> **Extracted material**
◇ ◇ ◇

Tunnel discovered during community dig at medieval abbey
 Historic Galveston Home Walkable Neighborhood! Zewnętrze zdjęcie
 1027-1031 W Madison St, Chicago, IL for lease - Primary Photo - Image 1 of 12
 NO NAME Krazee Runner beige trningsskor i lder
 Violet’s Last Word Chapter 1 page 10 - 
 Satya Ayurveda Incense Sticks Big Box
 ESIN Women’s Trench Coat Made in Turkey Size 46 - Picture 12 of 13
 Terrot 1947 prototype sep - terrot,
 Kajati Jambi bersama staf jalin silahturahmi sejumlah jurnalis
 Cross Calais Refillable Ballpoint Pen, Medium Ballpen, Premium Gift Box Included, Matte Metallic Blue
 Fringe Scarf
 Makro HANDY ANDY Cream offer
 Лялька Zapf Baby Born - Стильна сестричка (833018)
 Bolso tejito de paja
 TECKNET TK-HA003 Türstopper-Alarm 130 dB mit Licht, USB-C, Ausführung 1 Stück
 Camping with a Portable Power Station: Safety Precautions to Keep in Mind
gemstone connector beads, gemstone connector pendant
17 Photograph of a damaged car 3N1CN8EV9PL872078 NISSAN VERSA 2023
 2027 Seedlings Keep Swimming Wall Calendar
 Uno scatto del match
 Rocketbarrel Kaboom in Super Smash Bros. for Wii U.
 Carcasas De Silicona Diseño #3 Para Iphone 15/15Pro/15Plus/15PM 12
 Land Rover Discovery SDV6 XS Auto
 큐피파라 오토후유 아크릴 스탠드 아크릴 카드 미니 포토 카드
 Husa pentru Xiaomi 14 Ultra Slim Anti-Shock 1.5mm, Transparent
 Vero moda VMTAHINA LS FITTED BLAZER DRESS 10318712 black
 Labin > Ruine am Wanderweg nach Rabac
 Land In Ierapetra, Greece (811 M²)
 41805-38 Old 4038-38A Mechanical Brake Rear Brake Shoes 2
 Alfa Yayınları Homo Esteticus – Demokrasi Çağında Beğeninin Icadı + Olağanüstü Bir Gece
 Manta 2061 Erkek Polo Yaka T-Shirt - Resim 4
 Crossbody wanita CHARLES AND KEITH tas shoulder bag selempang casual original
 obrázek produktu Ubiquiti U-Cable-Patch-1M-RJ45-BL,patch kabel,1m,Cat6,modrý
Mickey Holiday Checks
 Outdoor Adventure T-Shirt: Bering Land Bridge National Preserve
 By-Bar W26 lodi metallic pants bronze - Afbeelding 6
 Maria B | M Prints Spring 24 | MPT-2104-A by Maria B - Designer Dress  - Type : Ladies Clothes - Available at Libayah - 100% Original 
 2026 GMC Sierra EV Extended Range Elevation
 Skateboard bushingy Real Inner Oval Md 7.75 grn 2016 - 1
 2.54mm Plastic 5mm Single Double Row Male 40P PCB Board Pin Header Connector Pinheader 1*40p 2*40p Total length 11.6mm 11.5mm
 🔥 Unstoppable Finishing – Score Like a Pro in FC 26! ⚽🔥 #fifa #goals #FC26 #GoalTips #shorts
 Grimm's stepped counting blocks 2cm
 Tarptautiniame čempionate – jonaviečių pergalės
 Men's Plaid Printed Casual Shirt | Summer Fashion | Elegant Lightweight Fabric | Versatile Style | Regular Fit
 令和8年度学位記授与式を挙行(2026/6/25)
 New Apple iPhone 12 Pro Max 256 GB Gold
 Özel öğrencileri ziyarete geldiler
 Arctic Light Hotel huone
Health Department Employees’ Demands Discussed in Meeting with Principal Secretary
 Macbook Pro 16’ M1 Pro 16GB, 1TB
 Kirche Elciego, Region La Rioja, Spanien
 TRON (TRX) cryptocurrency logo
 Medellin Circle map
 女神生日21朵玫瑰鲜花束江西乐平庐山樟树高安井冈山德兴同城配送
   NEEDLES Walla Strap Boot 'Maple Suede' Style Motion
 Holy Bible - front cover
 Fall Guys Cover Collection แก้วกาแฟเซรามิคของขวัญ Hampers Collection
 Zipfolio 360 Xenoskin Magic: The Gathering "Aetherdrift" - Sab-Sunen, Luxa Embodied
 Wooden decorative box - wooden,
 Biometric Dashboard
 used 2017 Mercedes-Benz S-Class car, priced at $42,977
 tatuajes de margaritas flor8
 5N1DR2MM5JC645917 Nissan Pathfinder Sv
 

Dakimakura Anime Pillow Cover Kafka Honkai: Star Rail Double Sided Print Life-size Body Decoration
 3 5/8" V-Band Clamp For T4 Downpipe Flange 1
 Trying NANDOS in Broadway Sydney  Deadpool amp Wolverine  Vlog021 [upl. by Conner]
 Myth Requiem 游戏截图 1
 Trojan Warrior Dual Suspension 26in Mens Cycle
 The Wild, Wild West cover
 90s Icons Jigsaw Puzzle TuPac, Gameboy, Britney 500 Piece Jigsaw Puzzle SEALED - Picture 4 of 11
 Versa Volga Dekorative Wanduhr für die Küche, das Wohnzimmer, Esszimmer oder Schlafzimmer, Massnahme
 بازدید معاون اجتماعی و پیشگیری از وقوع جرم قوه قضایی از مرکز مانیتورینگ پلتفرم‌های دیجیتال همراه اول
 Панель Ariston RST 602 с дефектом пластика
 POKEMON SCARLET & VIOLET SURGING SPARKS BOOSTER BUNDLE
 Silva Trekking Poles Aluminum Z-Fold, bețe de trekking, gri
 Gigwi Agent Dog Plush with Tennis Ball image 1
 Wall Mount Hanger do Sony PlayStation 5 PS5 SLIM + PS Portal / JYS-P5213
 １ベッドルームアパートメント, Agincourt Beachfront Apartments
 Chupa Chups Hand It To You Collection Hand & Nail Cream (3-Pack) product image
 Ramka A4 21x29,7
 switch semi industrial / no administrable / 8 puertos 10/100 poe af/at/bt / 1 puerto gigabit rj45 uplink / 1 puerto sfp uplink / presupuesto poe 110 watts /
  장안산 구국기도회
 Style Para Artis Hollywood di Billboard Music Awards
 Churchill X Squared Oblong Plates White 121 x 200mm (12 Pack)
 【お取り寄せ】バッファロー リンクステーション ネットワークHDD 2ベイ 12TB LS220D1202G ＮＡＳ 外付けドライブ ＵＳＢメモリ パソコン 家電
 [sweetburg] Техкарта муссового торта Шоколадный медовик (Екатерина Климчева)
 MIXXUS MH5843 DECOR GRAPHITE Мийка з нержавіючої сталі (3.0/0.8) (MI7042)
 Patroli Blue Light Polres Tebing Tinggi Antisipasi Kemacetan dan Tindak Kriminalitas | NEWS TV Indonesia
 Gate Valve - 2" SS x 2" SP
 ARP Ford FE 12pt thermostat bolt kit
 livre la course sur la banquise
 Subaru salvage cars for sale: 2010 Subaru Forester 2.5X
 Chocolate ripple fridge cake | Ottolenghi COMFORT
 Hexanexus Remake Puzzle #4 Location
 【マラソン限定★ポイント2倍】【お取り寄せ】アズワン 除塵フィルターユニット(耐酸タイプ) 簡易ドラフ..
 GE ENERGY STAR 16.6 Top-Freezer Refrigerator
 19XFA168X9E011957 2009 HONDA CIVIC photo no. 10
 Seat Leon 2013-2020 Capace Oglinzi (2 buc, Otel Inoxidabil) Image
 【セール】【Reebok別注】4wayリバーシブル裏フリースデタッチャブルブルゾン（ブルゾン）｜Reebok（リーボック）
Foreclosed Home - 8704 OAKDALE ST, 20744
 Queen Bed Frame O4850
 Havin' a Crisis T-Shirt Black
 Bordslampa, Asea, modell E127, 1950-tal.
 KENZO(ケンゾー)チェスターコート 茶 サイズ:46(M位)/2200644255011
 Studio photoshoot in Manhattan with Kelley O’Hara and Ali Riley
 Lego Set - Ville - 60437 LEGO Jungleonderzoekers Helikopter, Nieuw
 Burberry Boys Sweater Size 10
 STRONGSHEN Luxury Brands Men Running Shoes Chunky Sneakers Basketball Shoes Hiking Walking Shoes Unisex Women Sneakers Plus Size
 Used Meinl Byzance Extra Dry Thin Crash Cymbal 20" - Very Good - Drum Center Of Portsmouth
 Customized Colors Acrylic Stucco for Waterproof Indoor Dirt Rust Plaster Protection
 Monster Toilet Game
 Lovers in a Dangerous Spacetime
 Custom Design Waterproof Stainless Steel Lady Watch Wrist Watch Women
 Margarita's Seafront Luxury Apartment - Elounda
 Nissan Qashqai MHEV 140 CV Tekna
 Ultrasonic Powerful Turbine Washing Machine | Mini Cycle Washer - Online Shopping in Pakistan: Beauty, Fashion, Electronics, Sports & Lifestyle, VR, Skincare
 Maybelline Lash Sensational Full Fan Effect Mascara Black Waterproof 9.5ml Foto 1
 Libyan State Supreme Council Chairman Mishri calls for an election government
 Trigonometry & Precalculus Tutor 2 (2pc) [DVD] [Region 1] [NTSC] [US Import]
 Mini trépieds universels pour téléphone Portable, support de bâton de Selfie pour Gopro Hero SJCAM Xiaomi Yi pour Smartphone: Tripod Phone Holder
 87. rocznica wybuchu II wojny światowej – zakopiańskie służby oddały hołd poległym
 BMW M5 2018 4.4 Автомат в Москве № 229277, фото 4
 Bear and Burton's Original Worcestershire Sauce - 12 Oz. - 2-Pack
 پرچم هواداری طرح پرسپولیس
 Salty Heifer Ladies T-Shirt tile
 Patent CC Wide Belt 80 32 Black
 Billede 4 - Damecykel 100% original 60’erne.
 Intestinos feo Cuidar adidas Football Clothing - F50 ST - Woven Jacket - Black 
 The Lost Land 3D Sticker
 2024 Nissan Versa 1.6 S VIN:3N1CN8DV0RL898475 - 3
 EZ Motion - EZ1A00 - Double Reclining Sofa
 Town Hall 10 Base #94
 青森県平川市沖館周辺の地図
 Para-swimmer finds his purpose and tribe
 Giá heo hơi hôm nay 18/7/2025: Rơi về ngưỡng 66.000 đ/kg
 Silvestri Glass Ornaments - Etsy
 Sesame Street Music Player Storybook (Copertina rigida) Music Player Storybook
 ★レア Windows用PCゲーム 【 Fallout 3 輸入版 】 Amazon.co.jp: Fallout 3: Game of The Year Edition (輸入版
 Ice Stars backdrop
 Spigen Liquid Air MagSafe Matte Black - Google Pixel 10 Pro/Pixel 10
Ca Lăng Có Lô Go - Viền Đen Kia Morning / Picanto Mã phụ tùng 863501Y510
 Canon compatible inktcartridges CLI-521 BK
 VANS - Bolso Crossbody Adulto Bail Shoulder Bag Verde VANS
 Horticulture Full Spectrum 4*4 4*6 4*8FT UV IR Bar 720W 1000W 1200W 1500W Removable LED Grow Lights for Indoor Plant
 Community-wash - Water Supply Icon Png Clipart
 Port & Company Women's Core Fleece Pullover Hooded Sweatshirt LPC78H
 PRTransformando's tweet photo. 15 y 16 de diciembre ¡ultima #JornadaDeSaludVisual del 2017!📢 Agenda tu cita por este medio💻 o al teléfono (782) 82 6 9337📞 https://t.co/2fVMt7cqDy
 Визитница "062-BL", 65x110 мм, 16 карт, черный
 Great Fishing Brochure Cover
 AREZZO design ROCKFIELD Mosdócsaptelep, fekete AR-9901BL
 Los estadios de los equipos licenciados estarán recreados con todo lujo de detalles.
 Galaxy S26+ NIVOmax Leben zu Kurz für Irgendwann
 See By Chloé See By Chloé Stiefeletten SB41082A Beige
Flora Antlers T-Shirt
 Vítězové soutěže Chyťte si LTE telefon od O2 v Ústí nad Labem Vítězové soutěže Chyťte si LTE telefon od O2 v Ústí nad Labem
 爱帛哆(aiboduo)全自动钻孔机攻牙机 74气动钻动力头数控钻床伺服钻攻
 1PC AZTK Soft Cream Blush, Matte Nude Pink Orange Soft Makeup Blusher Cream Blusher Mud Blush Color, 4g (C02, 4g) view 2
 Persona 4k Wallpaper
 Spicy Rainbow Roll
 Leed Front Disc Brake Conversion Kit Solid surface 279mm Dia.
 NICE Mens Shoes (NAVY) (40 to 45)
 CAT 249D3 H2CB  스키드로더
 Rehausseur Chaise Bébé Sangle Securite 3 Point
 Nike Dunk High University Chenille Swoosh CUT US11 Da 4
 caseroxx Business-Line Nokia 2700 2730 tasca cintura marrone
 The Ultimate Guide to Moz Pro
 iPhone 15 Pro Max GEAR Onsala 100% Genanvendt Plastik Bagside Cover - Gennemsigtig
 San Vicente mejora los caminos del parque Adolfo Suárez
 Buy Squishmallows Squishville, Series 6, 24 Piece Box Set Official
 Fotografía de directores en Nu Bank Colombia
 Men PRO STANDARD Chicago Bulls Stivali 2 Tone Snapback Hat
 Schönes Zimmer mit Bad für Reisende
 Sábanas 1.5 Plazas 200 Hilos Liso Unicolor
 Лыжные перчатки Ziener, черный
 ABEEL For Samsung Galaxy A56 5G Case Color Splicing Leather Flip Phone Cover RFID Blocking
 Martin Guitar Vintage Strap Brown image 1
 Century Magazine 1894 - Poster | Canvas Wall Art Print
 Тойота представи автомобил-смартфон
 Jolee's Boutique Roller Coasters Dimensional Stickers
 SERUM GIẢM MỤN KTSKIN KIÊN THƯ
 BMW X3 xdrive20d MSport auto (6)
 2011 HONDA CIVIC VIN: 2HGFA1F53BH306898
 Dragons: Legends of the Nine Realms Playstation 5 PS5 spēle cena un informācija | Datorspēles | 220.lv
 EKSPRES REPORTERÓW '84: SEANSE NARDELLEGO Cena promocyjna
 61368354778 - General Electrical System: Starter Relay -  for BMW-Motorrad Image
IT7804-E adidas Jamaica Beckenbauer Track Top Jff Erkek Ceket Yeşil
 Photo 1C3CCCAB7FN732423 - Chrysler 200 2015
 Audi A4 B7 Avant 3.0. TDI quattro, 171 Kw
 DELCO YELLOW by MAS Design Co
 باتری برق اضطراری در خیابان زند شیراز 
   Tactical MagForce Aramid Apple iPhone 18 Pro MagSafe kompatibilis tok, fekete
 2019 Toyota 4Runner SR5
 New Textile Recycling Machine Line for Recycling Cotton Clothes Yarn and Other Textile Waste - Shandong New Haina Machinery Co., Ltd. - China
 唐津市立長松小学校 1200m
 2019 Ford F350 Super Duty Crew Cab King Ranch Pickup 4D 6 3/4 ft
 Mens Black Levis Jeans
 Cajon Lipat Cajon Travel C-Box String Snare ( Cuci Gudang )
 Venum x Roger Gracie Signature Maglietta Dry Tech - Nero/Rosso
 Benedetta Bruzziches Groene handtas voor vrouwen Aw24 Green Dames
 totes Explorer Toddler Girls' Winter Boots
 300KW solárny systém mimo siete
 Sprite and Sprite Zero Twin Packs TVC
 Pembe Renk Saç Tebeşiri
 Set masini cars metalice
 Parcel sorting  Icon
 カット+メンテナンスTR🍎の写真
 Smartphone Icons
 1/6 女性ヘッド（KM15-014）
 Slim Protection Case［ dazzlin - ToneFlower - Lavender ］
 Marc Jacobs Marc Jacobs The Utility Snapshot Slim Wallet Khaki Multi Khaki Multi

◇ ◇ ◇

Counting only those lines of the data above where the word "CIVIC" appears, give the number and nothing more.

> **Answer section**
2